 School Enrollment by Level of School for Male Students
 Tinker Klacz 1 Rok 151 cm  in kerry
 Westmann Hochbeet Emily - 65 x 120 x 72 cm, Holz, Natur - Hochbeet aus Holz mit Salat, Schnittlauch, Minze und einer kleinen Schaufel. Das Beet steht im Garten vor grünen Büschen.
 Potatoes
...
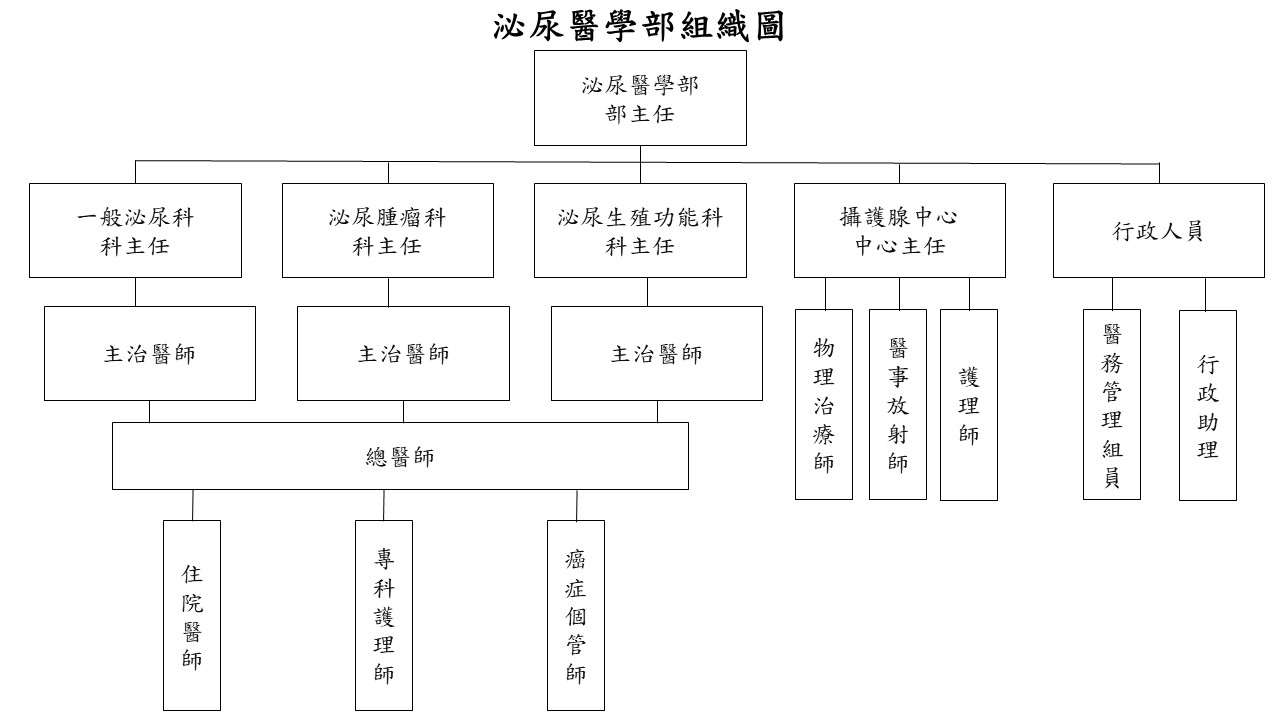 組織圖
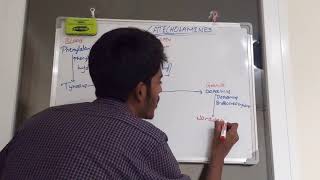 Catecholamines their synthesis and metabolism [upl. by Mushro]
==
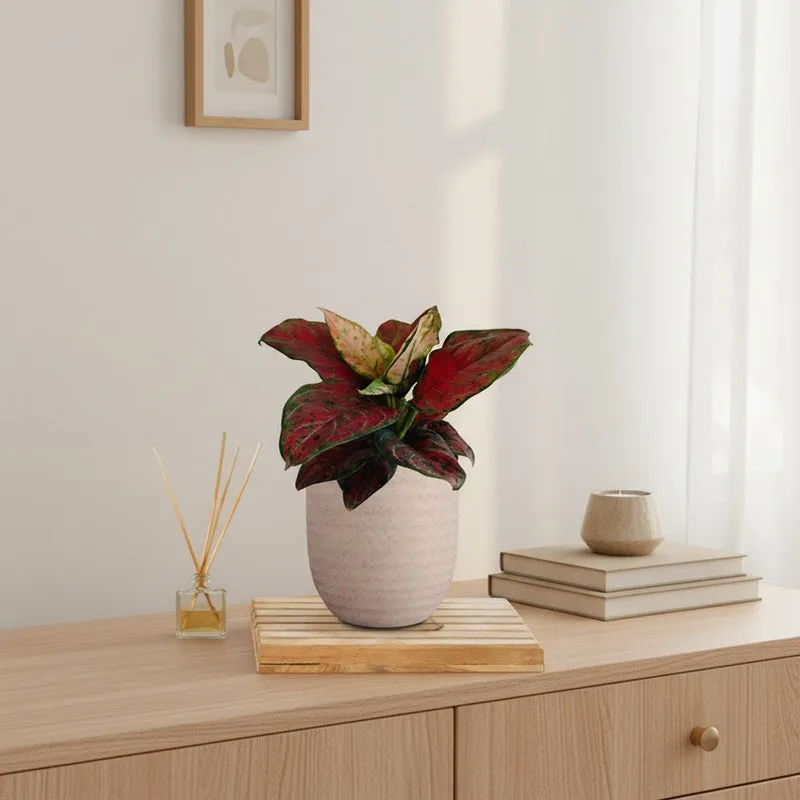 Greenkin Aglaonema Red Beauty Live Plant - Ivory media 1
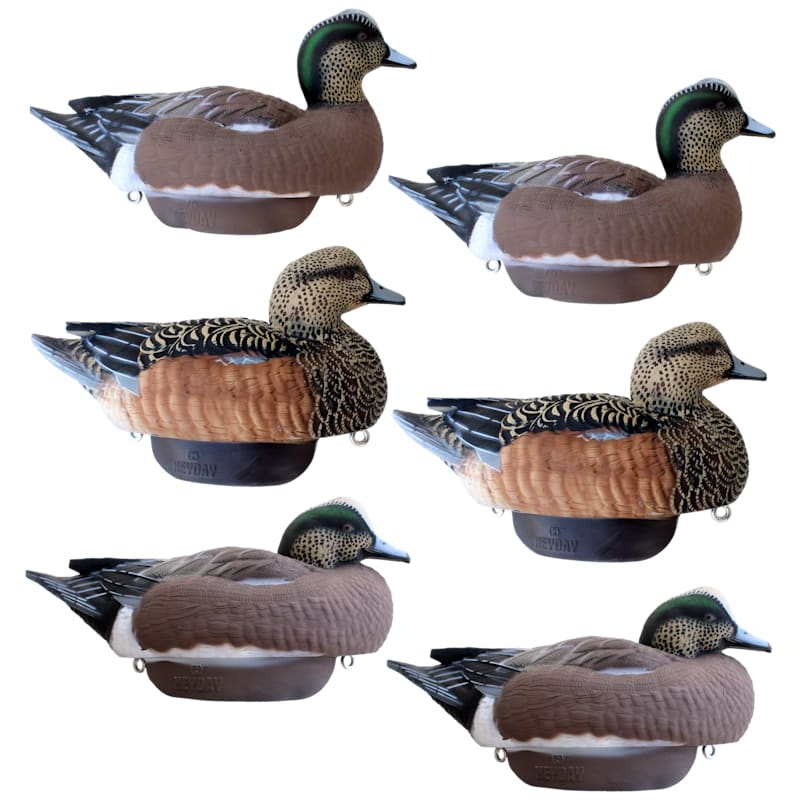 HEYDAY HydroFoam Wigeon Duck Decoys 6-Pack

:: Exercise goal ::
Quote the data above exactly from the line with "Greenkin Aglaonema Red" to the line with "HEYDAY HydroFoam Wigeon Duck Decoys 6-Pack", both ends counted, and nothing else. Pictures don't go in.

:: Result for this exercise ::
 Greenkin Aglaonema Red Beauty Live Plant - Ivory media 1
 HEYDAY HydroFoam Wigeon Duck Decoys 6-Pack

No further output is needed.